In [None]:
from typing import List
import random
import math

import pandas as pd
import spacy 

nlp = spacy.load('la_core_web_lg')

In [2]:
from transformers import AutoTokenizer, AutoModelForSeq2SeqLM

LaTa = "../../../models/LaTa"
PhilTa = "../../../models/PhilTa"

tokenizer = AutoTokenizer.from_pretrained(PhilTa)
model = AutoModelForSeq2SeqLM.from_pretrained(PhilTa)

In [10]:
text = ("Fill: Ecce audiant hoc illi, qui maxime ecclesiarum localium, id <extra_id_0> optime.")
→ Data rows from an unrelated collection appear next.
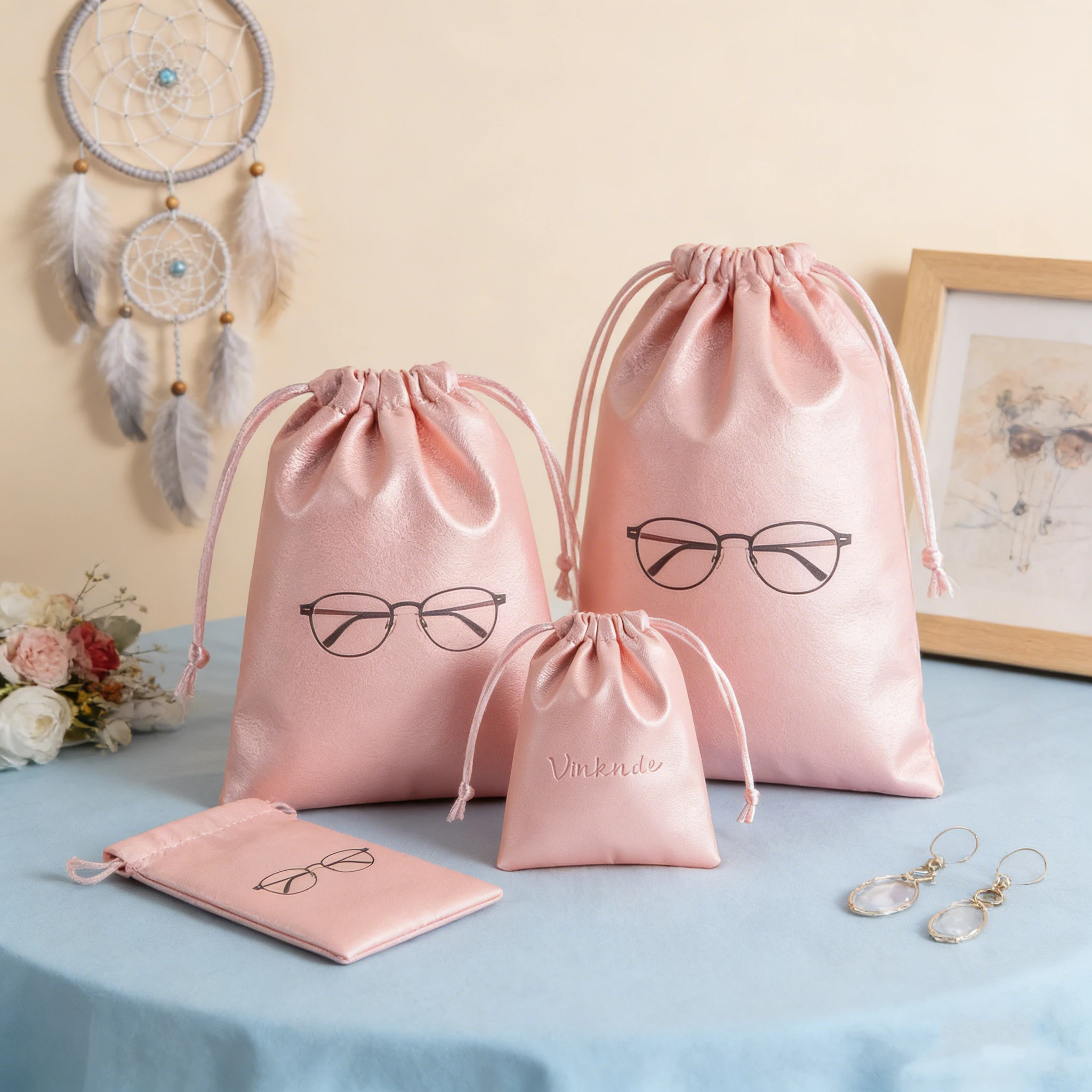 Мешочек из искусственной кожи 4x6 дюймов на завязках с индивидуальным логотипом, водонепроницаемый, для косметики, часов, наушников, ювелирных изделий, свадебных подарков, серег
Мешочек из искусственной кожи 4x6 дюймов на завязках с индивидуальным логотипом, водонепроницаемый, для косметики, часов, наушников, ювелирных изделий, свадебных подарков, серег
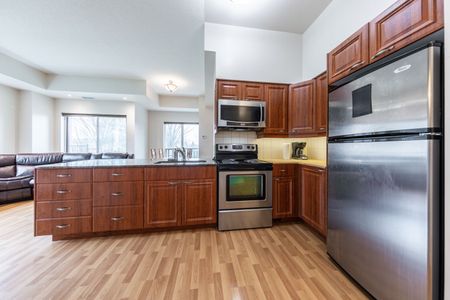 For Lease - 60 Fairfax Crescent Unit# 109, Toronto, Ontario - Photo 5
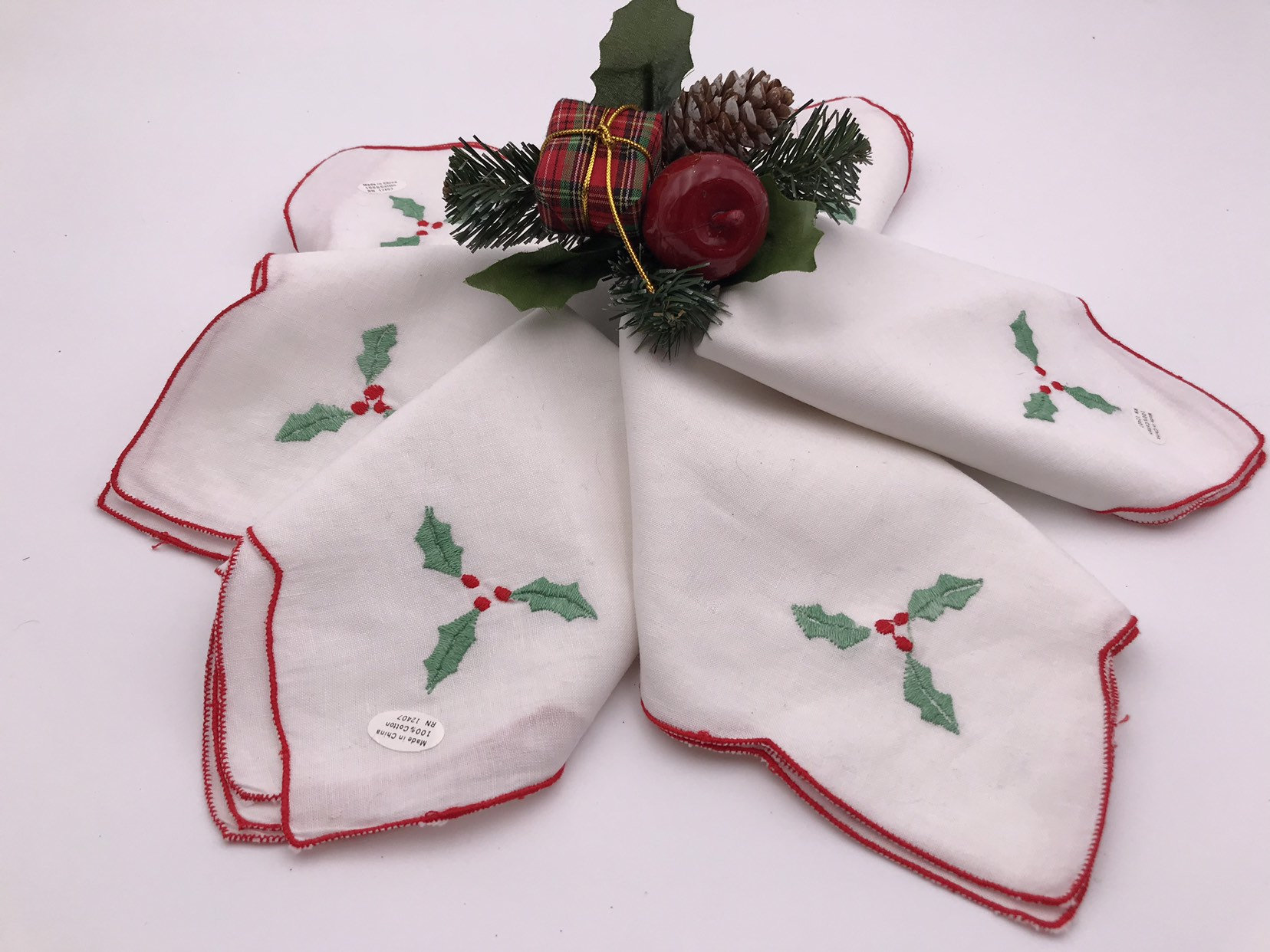 Christmas Cloth Napkins, 6 Vintage Holly cloth napkins red edging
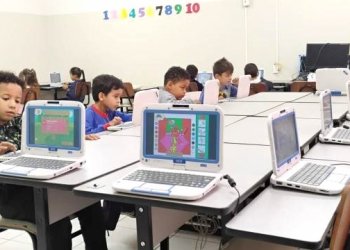 EDUCAÇÃO – Projetos de informática atenderam 6,6 mil alunos de escolas municipais em 2025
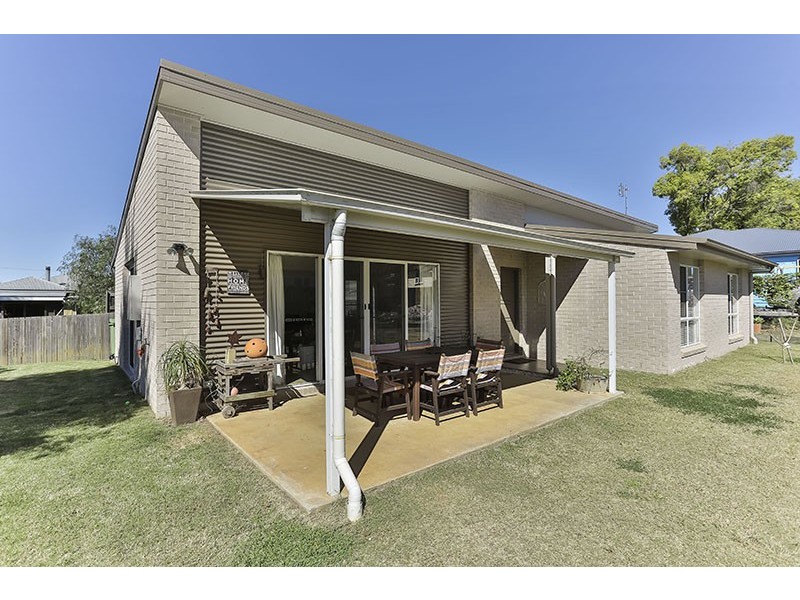 8B Dodd Street, Newtown QLD 4350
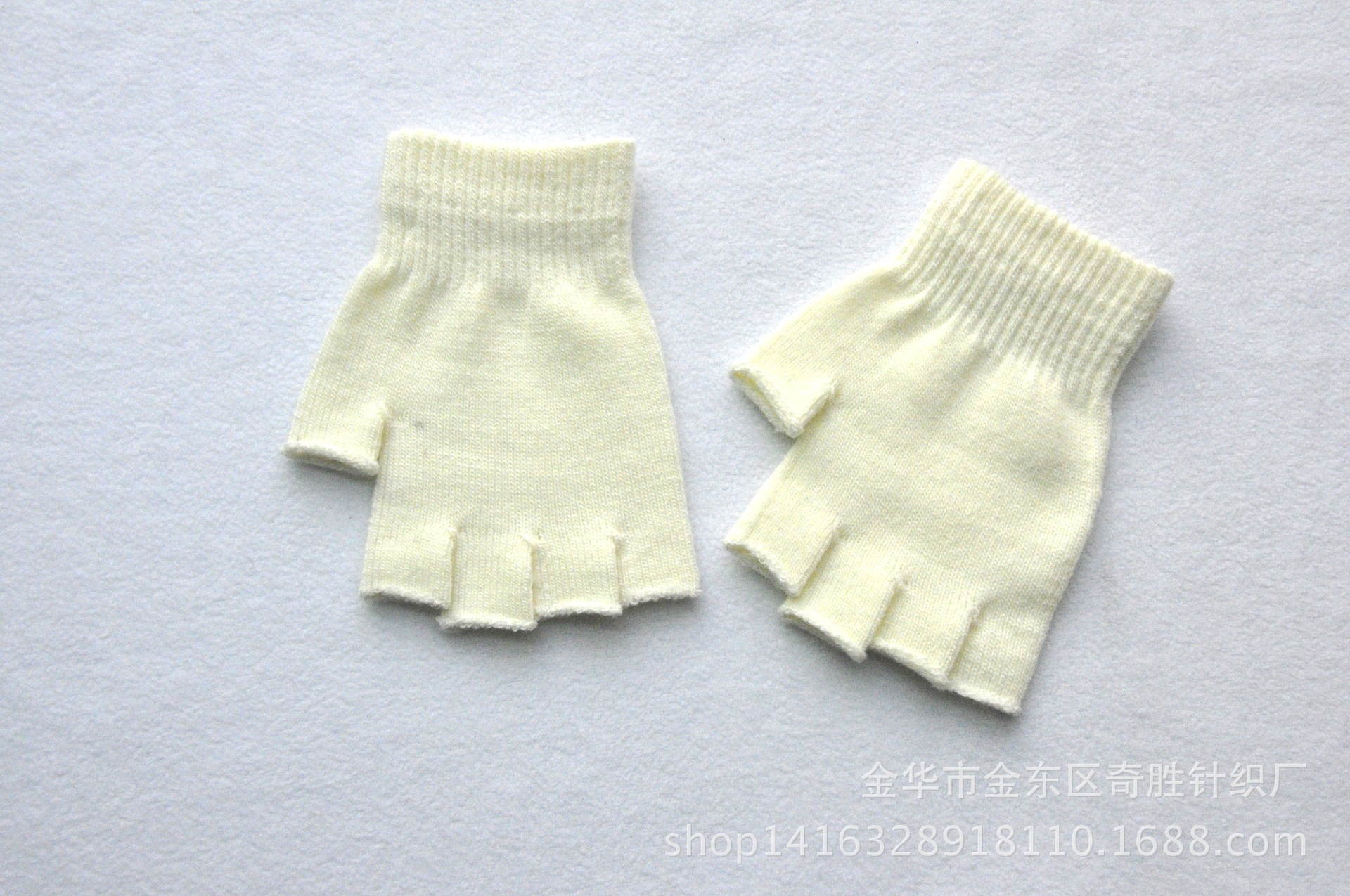 Adultos invierno cálido punto medio Palma medio dedo guantes hombres y mujeres estudiantes montando medio dedo guantes al por mayor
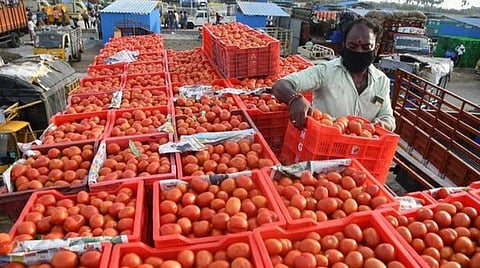 திருமழிசை சந்தையில் முகக்கவசம் அணியாவிட்டால் ரூ.200 அபராதம்: திருவள்ளூர் மாவட்ட ஆட்சியர் உத்தரவு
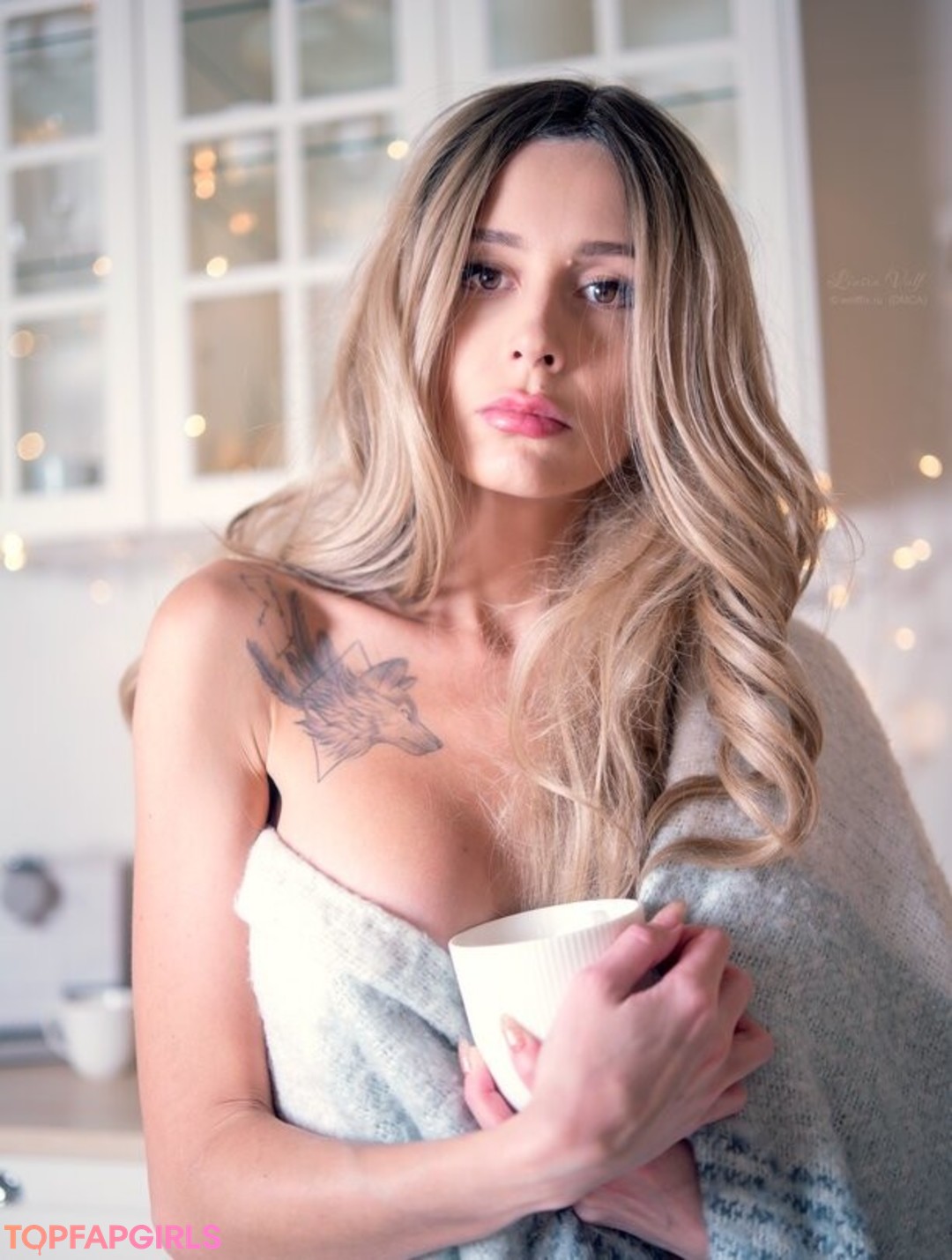 Wolffix model xxx gallery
inputs = tokenizer(text, return_tensors="pt")

outputs = model.generate(
    **inputs,
    max_new_tokens=5,
    num_beams=5,
    do_sample=True,
    top_k=50,
    top_p=0.95,
    repetition_penalty=2.0,
    no_repeat_ngram_size=2,
    num_return_sequences=5  
)

for i, output in enumerate(outputs, 1):
    print(f"Option {i}: {tokenizer.decode(output, skip_special_tokens=True)}")


Option 1: audiant illi, qui
Option 2: audiant, qui
Option 3: audiant:
Option 4: ecclesiarum:
Option 5: audiant, qui maxime


In [6]:
text = ("Fill: Ecce <extra_id_0> hoc illi, qui maxime ecclesiarum localium, id est coenobiorum, archimandritis detrahunt, quoties gregis sui patiuntur detrimentum, et cum ipsi uacent otio, temere operarios Dei diiudicant, ubi aliquos ex eis, qui hortatu ipsorum conuersi sunt ad saeculum relabi conspiciunt.")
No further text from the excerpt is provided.